American neuropathologist

Ann McKee (born 1953) is a neurologist and neuropathologist and expert in neurodegenerative disease at the VA Boston Veterans Affairs Medical Center and is a Warren Distinguished Professor of Neurology and Pathology at Boston University School of Medicine. She is director of the Boston University Alzheimer's Disease Research Center and Boston University CTE Center. She is particularly known for her work studying Alzheimer's disease and the consequences of repetitive traumatic brain injury. In 2017, she was named "Bostonian of the Year" by The Boston Globe for her leading work in this area, and in 2018, Time named McKee one of its 100 most influential people.

==Education==
Dr. McKee earned her bachelor's degree at the University of Wisconsin and her medical degree at Case Western Reserve University School of Medicine. She then completed a residency in neurology at Cleveland Metropolitan General Hospital. and a fellowship in neuropathology at Massachusetts General Hospital.

==Career==
Dr. McKee is the chief neuropathologist at VA Boston Veterans Affairs Medical Center, and Director of the Boston University Alzheimer's Disease Research Center, and the Boston University CTE Center. Dr. McKee directs multiple brain banks including those for the BU ADRC and Framingham Heart Study which are based at VA Bedford, and the UNITE brain bank based at VA Boston. Dr. McKee's research focuses on CTE and the late-effects of traumatic neurodegeneration.

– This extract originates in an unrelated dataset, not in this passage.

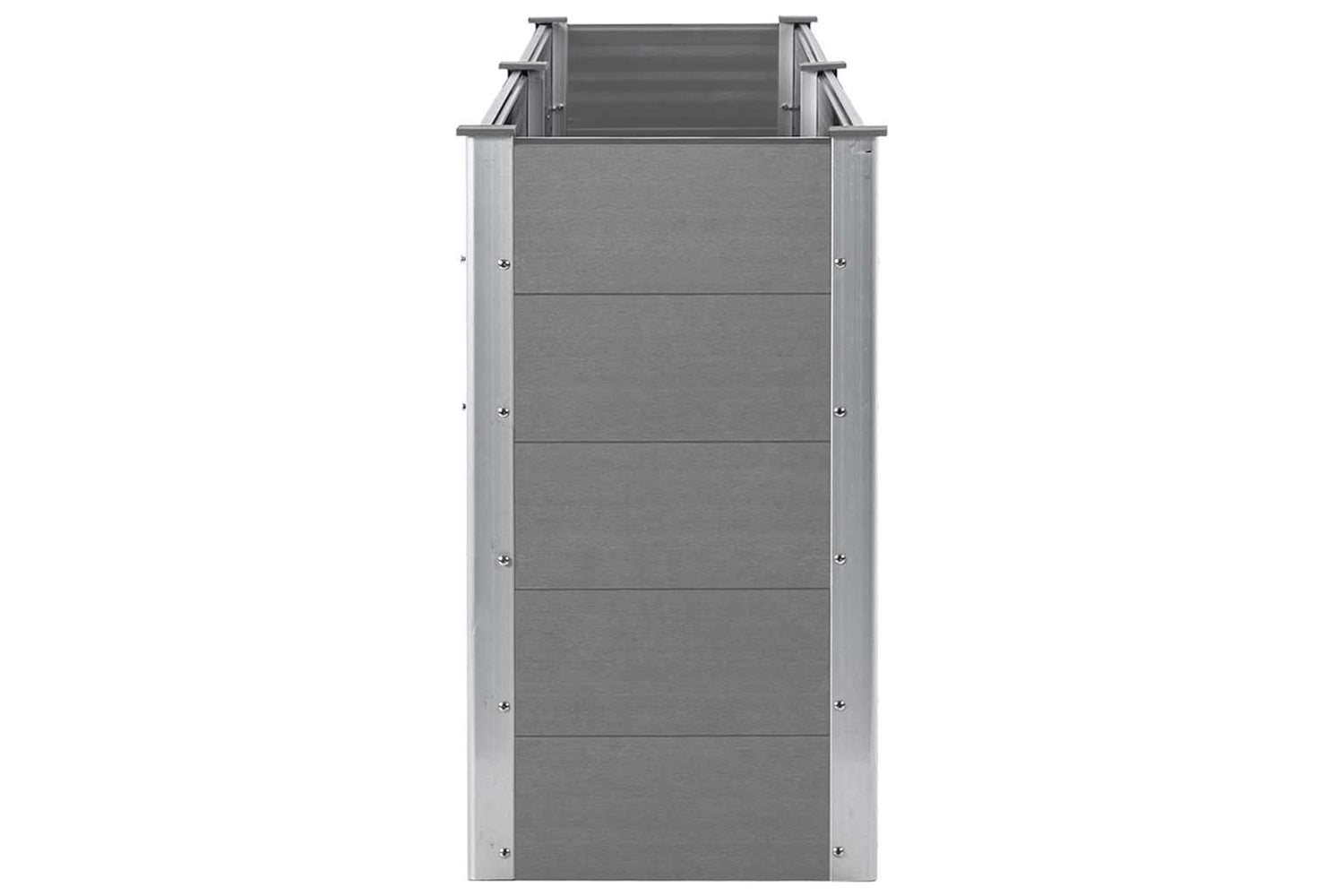 vidaXL 49058 Garden Raised Bed 250x50x91cm Wpc Grey-4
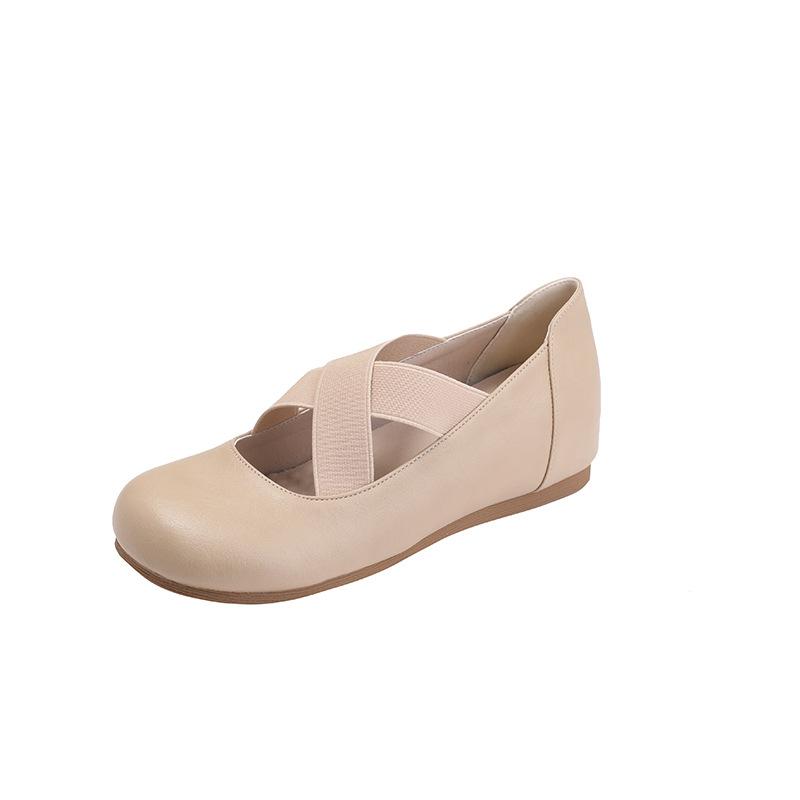 Inner height increase Mary Jane women's shoes French one-pedal evening single shoes women's 2025 spring new with skirt grandma shoes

Dr. McKee is a leading authority on chronic traumatic encephalopathy (CTE), a degenerative brain disease. CTE is most commonly found in athletes participating in boxing, American football, ice hockey, other contact sports, and military service. In 2013, she reported that she had found evidence of CTE in over 70 of the athletes that she examined, including three NHL enforcers and 18 NFL players. Dr. McKee has presented her findings to National Football League officials and testified before the United States House Judiciary Committee. She has also studied diseases including Lewy body disease, Parkinson's disease, progressive supranuclear palsy, multiple system atrophy, frontotemporal lobar degeneration, and corticobasal degeneration.

==Accolades and awards==
Dr. McKee has received numerous awards in recognition of her work. In 2018, the Alzheimer's Association gave her the Henry Wisniewski Lifetime Achievement Award for her work. In the same year, Time magazine named her one of the 100 Most Influential People. Chris Borland, a former linebacker for the San Francisco 49ers who retired at the age of 24 due to brain injury concerns spurred by Dr. McKee's research, said "She may have saved my life. At the very least, her work has likely spared me much of the suffering we see today among former NFL players." She also earned the Paul Volker Career Achievement Medal in 2019 for her advancements in head trauma work.

==Personal life==
Dr. McKee is married, has three children and 3 grandchildren, and lives in Massachusetts. She is a Green Bay Packers fan.